Опубликовано в журнале Звезда, номер 2, 2006
…мы, то есть я вместе с учениками, ждем какого-то учителя, а он не приходит, и никто не имеет понятия, как он выглядит…
Н. Ниман. «Школа насилия». Перевод Э. Венгеровой
Совпадения не бывают случайными. Они лишь знак некоей закономерности, которую нам следует обнаружить и описать, хотя бы в виде эмпирического закона.
Причина, по которой редакторы одного издательства обратили внимание на эти две книги, — не столь существенна. Важнее, что на разных концах Европы почти одновременно пишутся два текста, удивительно схожих по композиции, по контурам представленных характеров, по ощущениям, по восприятию мира.

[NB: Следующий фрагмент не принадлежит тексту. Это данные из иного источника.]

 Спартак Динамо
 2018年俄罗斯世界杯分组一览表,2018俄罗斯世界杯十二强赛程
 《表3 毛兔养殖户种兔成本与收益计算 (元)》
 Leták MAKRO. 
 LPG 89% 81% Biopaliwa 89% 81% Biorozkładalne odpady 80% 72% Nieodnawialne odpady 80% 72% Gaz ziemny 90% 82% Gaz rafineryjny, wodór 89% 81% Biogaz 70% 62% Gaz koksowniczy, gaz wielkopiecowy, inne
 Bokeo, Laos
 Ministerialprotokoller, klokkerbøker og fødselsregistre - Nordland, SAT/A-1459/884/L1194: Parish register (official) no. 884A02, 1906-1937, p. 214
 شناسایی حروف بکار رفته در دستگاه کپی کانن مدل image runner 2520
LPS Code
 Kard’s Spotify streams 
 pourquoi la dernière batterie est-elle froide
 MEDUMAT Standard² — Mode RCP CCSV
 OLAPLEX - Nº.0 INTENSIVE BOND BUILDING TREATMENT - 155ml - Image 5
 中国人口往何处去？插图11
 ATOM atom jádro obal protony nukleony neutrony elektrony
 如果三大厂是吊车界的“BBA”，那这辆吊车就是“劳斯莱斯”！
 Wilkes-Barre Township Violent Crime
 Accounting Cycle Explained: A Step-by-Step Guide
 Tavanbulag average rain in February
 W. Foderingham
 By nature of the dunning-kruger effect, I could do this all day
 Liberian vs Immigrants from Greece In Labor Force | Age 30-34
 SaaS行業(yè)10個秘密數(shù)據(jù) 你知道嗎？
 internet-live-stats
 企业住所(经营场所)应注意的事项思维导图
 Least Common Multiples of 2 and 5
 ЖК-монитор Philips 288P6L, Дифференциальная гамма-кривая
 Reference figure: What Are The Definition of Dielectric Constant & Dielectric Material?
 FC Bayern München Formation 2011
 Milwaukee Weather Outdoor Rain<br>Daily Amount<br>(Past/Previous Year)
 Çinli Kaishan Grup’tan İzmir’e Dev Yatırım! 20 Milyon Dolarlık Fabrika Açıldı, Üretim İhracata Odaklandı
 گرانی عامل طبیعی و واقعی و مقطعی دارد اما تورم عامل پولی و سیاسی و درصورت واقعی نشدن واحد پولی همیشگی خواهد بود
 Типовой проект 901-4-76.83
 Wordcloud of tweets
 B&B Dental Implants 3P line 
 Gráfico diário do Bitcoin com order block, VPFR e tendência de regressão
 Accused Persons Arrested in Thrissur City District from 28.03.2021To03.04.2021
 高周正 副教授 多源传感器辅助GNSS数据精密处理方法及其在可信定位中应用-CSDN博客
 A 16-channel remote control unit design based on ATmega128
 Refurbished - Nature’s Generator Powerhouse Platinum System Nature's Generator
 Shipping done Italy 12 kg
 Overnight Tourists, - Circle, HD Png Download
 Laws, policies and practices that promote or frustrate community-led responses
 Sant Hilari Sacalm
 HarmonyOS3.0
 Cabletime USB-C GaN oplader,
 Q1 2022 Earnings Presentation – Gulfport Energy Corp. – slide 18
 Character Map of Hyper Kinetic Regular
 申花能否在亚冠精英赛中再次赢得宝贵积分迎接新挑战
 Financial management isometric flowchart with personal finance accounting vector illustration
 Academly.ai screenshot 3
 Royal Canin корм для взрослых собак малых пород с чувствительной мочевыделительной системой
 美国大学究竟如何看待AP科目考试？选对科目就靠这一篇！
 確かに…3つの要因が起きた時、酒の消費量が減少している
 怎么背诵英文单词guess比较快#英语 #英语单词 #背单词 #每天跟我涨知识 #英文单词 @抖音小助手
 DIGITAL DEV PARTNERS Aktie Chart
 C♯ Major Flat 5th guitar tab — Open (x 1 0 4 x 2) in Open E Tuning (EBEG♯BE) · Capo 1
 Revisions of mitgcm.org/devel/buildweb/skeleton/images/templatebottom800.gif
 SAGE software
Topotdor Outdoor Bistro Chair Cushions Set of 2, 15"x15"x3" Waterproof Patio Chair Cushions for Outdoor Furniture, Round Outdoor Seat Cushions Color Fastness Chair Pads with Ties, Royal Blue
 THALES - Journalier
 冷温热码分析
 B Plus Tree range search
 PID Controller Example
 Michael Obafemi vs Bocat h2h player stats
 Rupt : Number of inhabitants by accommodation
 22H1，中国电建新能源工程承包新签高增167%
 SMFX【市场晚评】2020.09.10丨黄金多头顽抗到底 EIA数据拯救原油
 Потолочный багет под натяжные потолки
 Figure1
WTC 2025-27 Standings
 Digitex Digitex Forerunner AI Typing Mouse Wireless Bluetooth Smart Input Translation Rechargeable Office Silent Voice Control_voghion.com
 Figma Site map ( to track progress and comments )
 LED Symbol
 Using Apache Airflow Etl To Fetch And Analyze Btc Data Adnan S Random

Норберт Ниман живет в Германии. Его роман «Школа насилия» появился в издательстве «Азбука-классика» в 2004 году. А спустя год это же издательство опубликовало книгу пермяка Алексея Иванова «Географ глобус пропил». Она уже выходила в Москве, но только сейчас, в Петербурге, учтена авторская воля в том, что касается порядка глав.
Немец более искушен в искусстве сочетания слов. Наш — проще, но увлекательней. Я всегда предпочитаю читать «своих». Мне интересней, как человек осмысливает хорошо знакомый мне мир. Однако, сравнивая два попавших на стол романа, еще раз удостоверился, что на всех широтах земных современники удивительно схожи.
Уверен, что и Ниман, и Иванов до сих пор и не подозревают о существовании друг друга. При этом нарисовали портреты почти идентичные. Кажется, что герой обоих литераторов — один человек. Только у немца он постарел лет примерно на десять и дальше ушел по тропе одиночества.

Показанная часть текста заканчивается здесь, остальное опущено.